■ Exercise details
For the data below, give again exactly the lines from the one containing "Remember, with Credit" through the one containing "Next we have", both ends included, and no others.

■ Data for this task
______

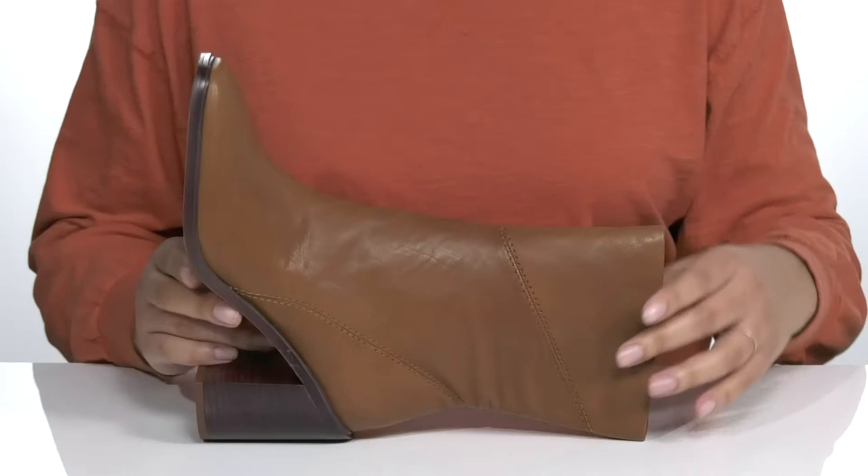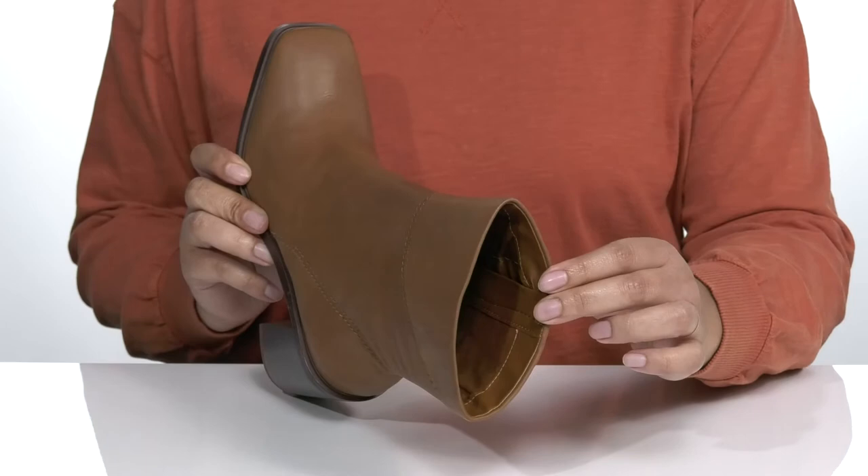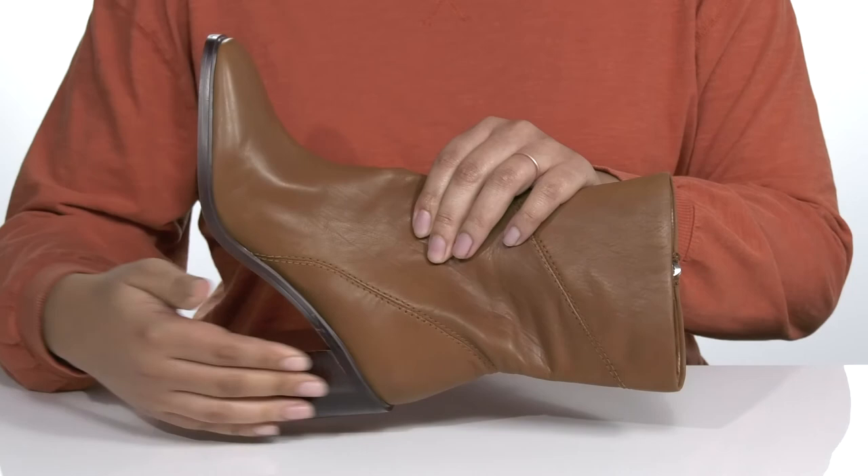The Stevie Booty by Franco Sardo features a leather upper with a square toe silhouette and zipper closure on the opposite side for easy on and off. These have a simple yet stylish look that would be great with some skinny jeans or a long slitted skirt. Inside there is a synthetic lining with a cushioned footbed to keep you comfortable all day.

______

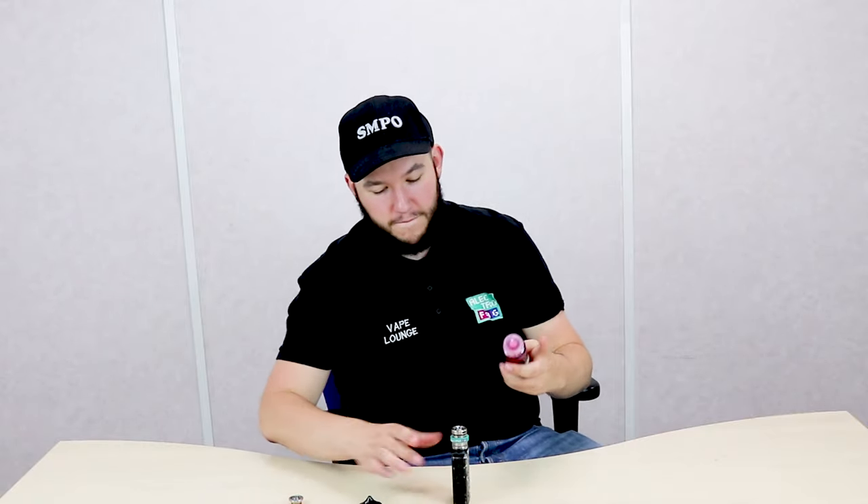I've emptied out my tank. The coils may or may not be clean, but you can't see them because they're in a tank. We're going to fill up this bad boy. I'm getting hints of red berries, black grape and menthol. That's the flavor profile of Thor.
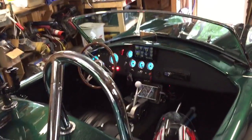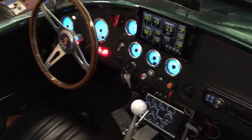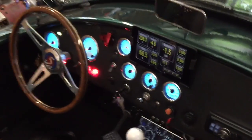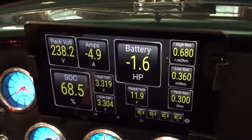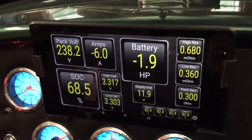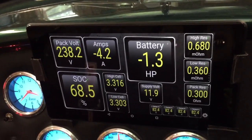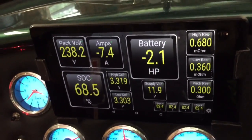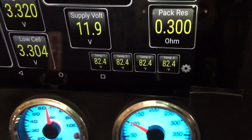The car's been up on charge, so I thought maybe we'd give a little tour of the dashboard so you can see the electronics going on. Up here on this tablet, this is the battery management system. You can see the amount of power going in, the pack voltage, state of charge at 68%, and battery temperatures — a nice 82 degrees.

______

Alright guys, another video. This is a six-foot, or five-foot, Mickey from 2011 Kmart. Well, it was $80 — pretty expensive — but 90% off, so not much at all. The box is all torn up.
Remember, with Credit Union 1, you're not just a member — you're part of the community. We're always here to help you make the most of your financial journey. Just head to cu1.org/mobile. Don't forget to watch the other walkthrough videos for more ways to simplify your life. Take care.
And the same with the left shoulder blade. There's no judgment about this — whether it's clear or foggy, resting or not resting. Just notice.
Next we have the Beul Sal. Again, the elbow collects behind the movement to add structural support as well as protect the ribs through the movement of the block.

______

■ Result of the exercise
Remember, with Credit Union 1, you're not just a member — you're part of the community. We're always here to help you make the most of your financial journey. Just head to cu1.org/mobile. Don't forget to watch the other walkthrough videos for more ways to simplify your life. Take care.
And the same with the left shoulder blade. There's no judgment about this — whether it's clear or foggy, resting or not resting. Just notice.
Next we have the Beul Sal. Again, the elbow collects behind the movement to add structural support as well as protect the ribs through the movement of the block.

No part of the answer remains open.